He said that the central government has been “misjudging the real threat” that Ladakhis sense to their language, culture, ecology and traditional vocations. New Delhi, Wahid reckoned, is underestimating the resilience of the protests in Ladakh.
“There could be several reasons for it,” he said, referring to the government’s perceived indifference. “The size of Ladakh’s demography is one reason.
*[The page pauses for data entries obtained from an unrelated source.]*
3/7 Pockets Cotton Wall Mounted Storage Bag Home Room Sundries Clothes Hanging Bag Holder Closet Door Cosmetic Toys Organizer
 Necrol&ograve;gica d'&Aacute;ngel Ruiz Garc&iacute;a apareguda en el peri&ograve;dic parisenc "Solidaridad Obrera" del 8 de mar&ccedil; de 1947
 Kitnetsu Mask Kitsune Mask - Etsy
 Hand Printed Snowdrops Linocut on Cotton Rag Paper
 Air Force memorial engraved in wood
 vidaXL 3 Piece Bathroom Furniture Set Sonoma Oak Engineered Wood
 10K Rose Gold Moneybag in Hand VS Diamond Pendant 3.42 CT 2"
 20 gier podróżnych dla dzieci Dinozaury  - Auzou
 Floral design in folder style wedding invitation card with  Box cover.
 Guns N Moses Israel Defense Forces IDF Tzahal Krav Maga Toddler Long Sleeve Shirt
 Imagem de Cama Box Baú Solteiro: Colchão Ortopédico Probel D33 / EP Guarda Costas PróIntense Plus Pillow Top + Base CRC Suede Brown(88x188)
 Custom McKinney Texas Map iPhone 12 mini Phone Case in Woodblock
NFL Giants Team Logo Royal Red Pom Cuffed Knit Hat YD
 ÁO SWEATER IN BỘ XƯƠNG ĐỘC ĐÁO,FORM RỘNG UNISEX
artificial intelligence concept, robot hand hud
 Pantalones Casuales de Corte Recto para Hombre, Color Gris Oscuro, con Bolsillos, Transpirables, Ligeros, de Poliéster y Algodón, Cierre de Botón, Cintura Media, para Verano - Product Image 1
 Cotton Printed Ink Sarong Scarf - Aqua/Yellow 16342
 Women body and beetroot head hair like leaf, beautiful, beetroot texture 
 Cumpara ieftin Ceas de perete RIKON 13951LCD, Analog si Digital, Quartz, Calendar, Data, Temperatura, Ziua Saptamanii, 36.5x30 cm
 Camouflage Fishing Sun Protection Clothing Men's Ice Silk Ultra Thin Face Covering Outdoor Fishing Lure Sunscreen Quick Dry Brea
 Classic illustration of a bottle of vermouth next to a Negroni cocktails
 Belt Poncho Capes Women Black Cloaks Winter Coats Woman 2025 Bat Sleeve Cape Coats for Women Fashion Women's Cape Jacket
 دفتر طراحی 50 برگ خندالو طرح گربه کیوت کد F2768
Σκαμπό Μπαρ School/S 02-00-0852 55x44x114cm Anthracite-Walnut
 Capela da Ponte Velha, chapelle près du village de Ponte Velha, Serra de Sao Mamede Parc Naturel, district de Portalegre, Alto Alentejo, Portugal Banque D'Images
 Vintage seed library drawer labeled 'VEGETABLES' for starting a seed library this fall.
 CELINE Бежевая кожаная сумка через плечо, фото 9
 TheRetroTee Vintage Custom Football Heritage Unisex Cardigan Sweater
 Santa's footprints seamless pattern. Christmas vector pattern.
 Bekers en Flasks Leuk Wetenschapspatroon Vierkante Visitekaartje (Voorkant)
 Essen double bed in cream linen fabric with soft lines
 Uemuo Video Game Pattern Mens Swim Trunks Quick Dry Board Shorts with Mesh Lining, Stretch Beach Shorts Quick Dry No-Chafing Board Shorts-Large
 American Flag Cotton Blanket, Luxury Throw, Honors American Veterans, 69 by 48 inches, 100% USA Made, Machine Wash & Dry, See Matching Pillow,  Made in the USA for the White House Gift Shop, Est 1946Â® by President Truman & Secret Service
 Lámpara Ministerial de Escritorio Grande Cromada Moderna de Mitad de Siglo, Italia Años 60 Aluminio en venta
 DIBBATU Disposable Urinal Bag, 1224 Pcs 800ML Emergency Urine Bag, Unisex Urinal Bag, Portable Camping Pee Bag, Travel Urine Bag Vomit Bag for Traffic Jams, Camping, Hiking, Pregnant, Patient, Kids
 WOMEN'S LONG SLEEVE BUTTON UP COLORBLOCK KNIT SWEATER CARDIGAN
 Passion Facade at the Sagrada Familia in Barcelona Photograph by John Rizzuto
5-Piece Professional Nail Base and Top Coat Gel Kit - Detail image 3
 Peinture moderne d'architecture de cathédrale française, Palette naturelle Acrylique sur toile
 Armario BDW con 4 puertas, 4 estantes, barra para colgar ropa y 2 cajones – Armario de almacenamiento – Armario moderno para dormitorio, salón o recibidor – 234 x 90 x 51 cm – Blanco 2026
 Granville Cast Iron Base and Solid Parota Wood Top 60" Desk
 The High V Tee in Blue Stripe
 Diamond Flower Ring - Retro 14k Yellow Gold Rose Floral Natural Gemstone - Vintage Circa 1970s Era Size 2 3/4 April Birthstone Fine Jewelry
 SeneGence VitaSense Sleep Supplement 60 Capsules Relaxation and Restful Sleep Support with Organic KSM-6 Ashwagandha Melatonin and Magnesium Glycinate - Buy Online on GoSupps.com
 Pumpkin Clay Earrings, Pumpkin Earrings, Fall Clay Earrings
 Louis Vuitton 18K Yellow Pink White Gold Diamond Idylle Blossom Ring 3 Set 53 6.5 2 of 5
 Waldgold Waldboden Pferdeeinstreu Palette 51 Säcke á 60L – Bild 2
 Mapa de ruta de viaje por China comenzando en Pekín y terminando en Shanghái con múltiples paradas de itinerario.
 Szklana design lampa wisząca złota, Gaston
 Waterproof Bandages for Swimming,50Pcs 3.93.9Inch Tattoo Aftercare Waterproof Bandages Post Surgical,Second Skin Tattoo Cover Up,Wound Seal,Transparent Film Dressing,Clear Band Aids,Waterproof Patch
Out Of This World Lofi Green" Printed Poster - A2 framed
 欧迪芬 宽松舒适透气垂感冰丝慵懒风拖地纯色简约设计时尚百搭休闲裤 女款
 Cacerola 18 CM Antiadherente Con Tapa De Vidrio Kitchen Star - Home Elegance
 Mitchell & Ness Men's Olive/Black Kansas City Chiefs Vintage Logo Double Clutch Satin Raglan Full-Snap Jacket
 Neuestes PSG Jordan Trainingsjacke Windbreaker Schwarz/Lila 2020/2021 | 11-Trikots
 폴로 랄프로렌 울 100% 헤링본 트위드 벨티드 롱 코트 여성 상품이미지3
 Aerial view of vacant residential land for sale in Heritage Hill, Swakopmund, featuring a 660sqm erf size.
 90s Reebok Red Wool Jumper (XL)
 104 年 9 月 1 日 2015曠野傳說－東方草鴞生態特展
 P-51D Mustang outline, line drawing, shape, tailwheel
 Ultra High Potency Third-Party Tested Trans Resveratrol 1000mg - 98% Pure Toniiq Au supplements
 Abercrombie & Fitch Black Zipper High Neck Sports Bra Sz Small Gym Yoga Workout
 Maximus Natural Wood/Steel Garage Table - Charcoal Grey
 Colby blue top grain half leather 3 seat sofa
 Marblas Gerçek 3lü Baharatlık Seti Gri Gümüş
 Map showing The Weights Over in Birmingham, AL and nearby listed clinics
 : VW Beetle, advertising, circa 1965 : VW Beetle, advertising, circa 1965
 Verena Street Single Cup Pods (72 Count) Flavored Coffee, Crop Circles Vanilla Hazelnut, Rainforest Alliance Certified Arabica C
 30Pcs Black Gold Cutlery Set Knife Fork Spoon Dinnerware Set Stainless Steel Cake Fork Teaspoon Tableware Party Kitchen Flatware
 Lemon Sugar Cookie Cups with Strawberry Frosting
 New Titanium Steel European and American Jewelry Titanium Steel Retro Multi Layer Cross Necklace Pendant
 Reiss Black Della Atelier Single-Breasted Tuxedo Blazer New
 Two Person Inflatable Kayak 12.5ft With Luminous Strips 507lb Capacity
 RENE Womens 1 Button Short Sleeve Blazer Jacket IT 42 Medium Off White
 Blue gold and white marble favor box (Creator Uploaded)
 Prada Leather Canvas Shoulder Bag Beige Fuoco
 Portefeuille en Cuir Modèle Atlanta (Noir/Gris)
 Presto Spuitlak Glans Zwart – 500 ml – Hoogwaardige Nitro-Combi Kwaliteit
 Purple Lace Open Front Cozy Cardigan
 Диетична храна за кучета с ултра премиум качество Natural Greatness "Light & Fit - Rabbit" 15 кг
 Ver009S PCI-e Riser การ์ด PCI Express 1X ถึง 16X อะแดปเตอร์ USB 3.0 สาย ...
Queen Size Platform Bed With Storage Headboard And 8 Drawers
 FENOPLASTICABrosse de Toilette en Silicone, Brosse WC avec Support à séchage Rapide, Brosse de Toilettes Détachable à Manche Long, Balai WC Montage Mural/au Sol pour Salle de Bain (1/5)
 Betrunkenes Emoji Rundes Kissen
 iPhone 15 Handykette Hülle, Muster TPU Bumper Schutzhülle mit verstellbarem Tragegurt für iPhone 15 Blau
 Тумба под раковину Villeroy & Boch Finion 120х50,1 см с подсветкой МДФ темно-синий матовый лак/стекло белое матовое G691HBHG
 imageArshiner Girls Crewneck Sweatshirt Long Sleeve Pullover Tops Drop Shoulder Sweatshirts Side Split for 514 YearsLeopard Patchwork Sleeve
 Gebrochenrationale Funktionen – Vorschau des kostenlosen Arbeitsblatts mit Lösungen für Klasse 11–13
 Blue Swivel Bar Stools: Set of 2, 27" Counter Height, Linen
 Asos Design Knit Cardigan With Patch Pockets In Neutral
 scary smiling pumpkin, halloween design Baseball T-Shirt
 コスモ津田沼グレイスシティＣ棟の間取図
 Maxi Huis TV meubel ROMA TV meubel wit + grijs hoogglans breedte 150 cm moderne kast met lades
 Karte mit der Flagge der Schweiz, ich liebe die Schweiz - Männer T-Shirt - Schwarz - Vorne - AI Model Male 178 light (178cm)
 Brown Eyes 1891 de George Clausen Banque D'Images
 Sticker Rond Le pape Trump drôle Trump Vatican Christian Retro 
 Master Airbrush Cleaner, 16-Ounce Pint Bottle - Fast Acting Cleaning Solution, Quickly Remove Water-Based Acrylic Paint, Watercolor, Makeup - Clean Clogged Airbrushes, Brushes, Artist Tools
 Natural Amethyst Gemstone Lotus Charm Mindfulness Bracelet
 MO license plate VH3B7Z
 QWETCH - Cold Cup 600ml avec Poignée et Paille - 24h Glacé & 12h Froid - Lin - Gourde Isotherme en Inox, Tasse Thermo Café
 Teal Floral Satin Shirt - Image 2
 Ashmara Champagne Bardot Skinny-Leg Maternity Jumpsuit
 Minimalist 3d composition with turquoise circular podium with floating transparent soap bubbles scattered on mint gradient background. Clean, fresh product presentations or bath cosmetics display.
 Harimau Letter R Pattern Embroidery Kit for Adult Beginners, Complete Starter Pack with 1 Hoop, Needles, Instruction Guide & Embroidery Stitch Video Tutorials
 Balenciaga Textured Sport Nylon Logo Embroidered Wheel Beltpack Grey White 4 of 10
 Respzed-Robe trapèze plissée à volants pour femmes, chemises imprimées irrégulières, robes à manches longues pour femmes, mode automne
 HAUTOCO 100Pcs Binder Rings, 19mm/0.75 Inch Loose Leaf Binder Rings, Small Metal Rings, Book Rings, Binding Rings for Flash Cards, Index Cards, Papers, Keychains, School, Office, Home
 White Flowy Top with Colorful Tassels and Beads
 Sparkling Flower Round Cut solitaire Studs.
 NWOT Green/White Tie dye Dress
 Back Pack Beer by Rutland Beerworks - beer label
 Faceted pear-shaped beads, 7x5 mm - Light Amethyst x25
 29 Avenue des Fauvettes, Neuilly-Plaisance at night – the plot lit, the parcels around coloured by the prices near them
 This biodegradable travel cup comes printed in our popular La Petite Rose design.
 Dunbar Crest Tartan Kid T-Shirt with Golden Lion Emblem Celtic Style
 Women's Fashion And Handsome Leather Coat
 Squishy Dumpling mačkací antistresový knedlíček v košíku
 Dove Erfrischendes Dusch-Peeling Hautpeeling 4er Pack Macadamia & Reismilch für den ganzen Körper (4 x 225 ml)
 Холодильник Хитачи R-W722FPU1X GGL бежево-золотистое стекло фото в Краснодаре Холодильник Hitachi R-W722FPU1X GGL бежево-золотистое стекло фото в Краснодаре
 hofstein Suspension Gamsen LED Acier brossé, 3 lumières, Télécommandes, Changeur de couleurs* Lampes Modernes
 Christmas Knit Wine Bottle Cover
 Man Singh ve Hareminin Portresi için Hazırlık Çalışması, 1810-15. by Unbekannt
Parallel to this is the fact that Ladakh is not arithmetically significant as a ‘vote bank,’ posing no risk to the incumbent’s electoral ambitions.”
But Wahid said that the government “is also discounting Ladakh’s role in threats to India’s national security, being as it is a region with boundaries contiguous to China and Pakistan, both rivals in the geostrategic politics of and for South Asia.”
A political analyst based in Jammu and Kashmir confirmed BJP’s stance of ignoring Ladakhis’ demands, saying, “When the BJP had a majority in 2019, it enforced silence in parliament, and protests about statehood and the Sixth Schedule were never heard.”
But that may start to change, even as Modi on June 9 was sworn in for a third term as India’s premier. The BJP had failed to achieve the supermajority it wanted from the recent election and will now be facing a stronger opposition in parliament. According to the analyst, the BJP is likely to reconsider its position on the Ladakhis’ demands, especially after losing a key area like Ladakh, which a BJP member had represented in parliament since 2014.
Ladakh’s new representative in the Lok Sabha had run as an independent. The analyst said that Jan will most probably align himself with the INDIA bloc, the alliance of opposition parties led by the Indian National Congress party, which “will definitely push for these demands in parliament.”
But the analyst said, “It will take some time for these demands to be addressed because the central government fears that fulfilling them might lead to similar demands from Kashmir, which is a situation they want to avoid.”
The Ladakhis, though, are not about to give up anytime soon. An activist from Leh, who has been leading the protests for statehood and the Sixth Schedule, told ADC that these “will resume and continue until the government fulfills our demands.”
Local leader Dorjay, who was once a BJP chief for Ladakh, also said, “The ongoing agitation is a prolonged struggle where Ladakh has to contend a lot with the BJP, and we are fully prepared for such a fight.”